RECORDS FOR PROCESSING:
----------------------------------------

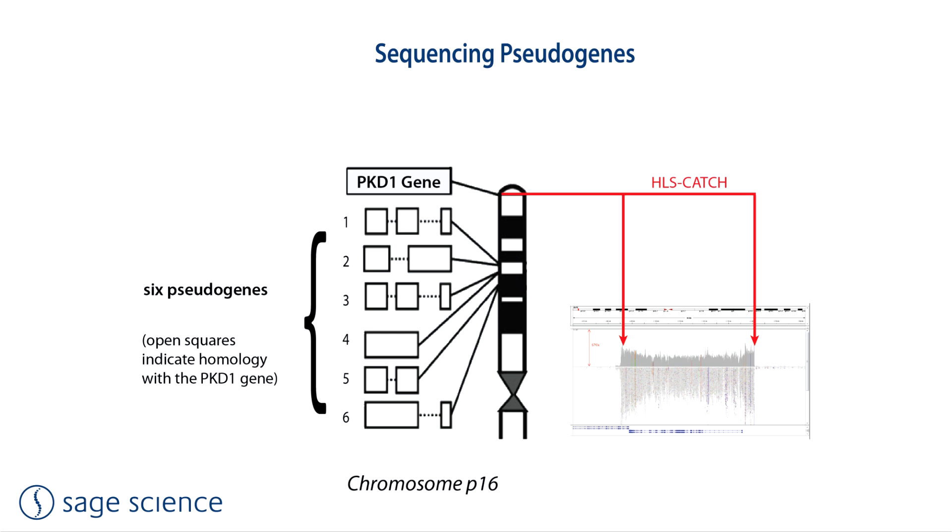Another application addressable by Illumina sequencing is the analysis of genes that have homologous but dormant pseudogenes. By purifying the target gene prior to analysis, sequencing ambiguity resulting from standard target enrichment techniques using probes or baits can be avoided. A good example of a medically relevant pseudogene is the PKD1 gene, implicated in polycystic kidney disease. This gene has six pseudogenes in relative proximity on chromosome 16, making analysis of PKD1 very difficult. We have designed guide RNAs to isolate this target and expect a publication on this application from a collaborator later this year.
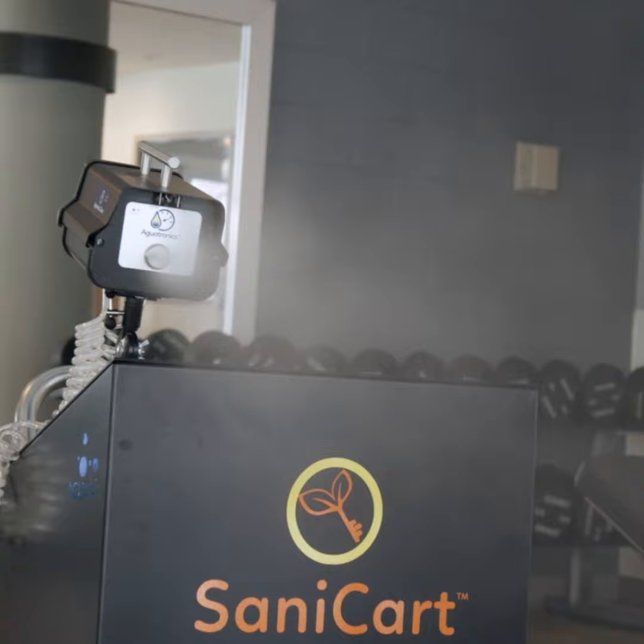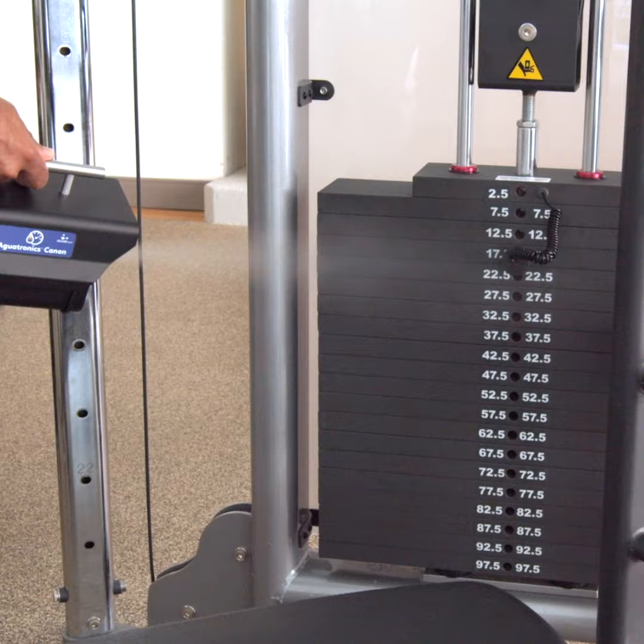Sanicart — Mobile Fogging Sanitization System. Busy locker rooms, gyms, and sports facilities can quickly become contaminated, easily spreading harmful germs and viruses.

----------------------------------------

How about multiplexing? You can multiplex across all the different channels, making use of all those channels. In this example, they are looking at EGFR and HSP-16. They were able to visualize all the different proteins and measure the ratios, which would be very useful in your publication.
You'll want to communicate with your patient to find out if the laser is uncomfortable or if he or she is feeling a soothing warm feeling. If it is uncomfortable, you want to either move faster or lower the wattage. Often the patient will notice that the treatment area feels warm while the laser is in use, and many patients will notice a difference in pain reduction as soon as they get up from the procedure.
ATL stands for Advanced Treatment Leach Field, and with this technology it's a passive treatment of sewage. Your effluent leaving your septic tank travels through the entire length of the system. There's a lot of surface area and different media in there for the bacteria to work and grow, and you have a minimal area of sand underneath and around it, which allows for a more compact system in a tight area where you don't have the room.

----------------------------------------

EXERCISE:
Excluding any pictures, print exactly the lines of the listing above from the line with "Another application addressable" to the line with "Sanicart — Mobile", both ends included.

PROBLEM SOLUTION:
Another application addressable by Illumina sequencing is the analysis of genes that have homologous but dormant pseudogenes. By purifying the target gene prior to analysis, sequencing ambiguity resulting from standard target enrichment techniques using probes or baits can be avoided. A good example of a medically relevant pseudogene is the PKD1 gene, implicated in polycystic kidney disease. This gene has six pseudogenes in relative proximity on chromosome 16, making analysis of PKD1 very difficult. We have designed guide RNAs to isolate this target and expect a publication on this application from a collaborator later this year.
Sanicart — Mobile Fogging Sanitization System. Busy locker rooms, gyms, and sports facilities can quickly become contaminated, easily spreading harmful germs and viruses.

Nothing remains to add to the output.